What you return should match the listing exactly, minus its images.

* * * * * * * * *

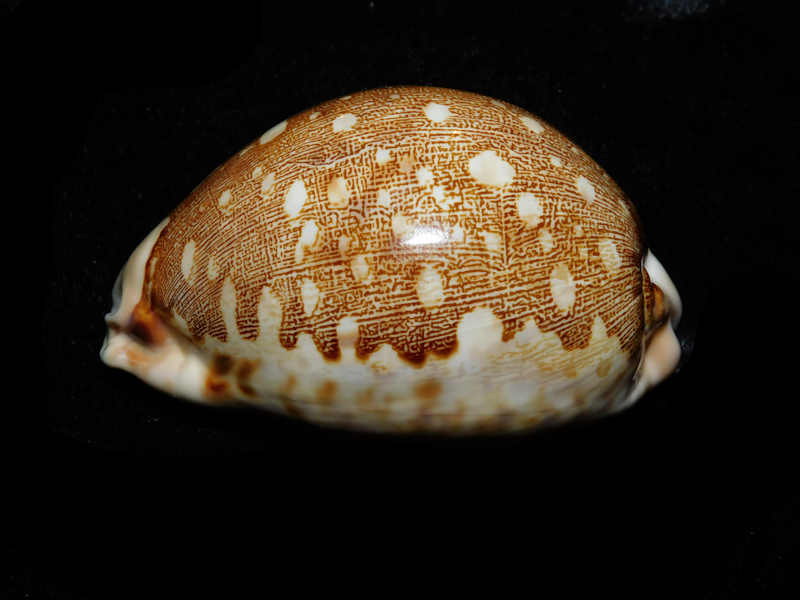 Leporicypraea mappa f. geographica 72.19mm."Choice" LOT#903000DG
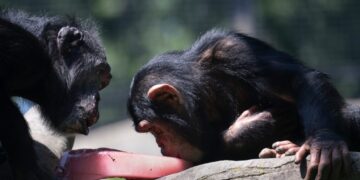 The evolutionary upside of same-sex sex among primates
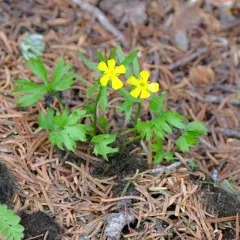Eschscholtz's Buttercup thumbnail 4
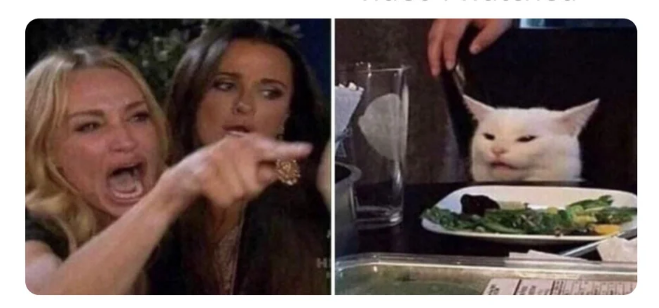 Cat on a plate Blank Meme Template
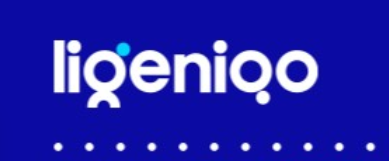 recommendedProvidersItem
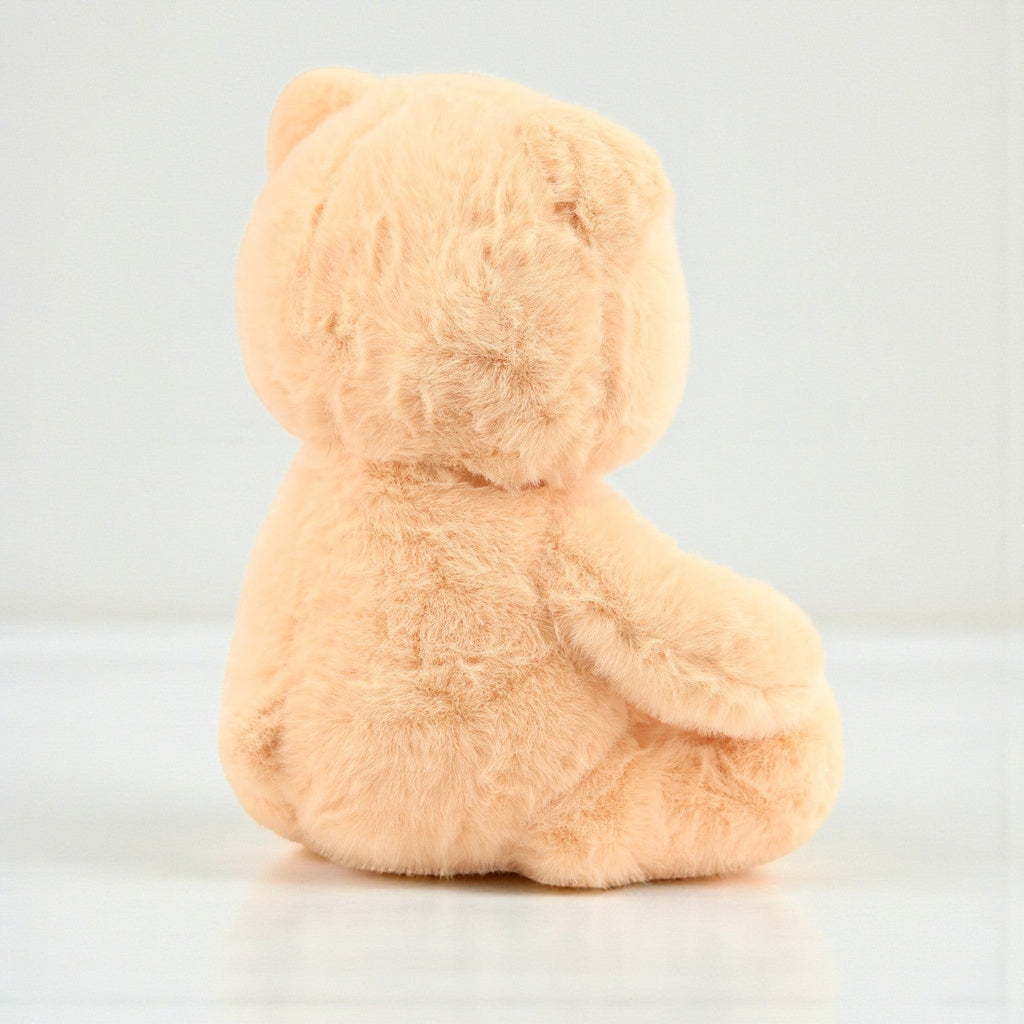 Soft Plush Teddy Bear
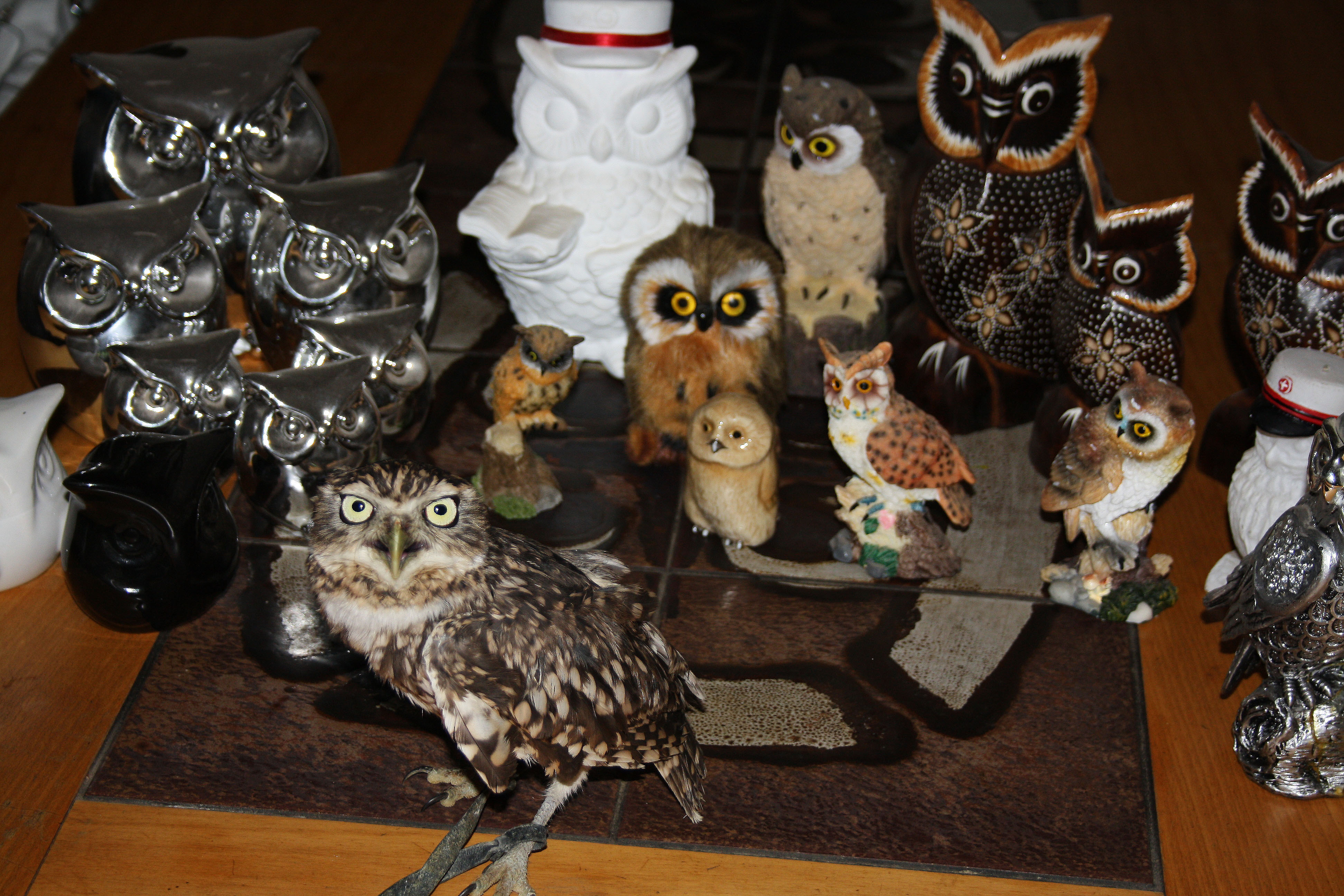 Owl Army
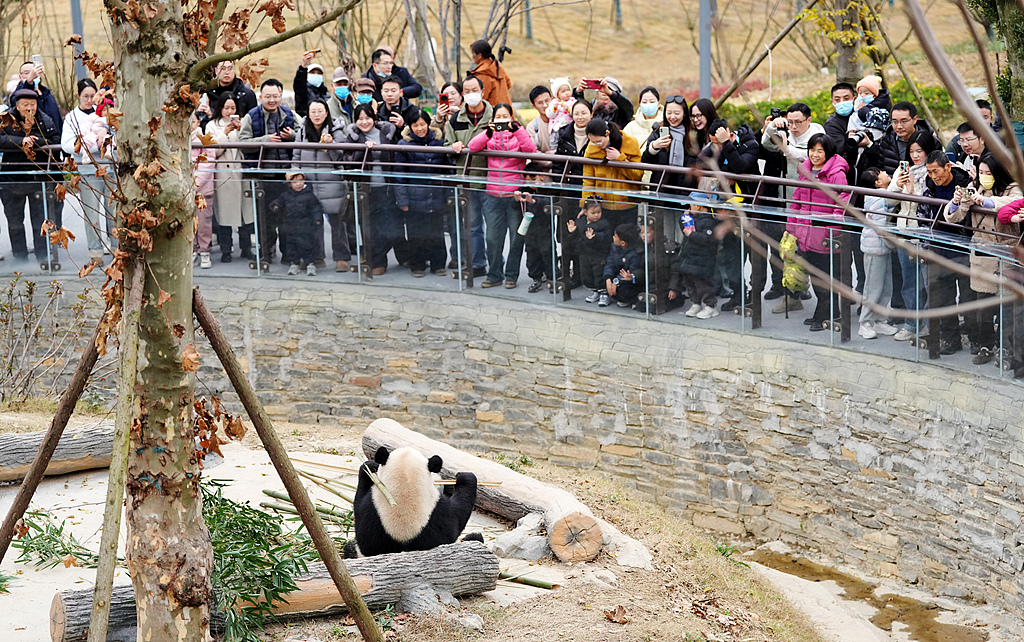Destinasi Baru Bagi Pecinta Panda: Mianyang China Giant Panda Garden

* * * * * * * * *

*EXERCISE OUTPUT*:
 Leporicypraea mappa f. geographica 72.19mm."Choice" LOT#903000DG
 The evolutionary upside of same-sex sex among primates
Eschscholtz's Buttercup thumbnail 4
 Cat on a plate Blank Meme Template
 recommendedProvidersItem
 Soft Plush Teddy Bear
 Owl Army
Destinasi Baru Bagi Pecinta Panda: Mianyang China Giant Panda Garden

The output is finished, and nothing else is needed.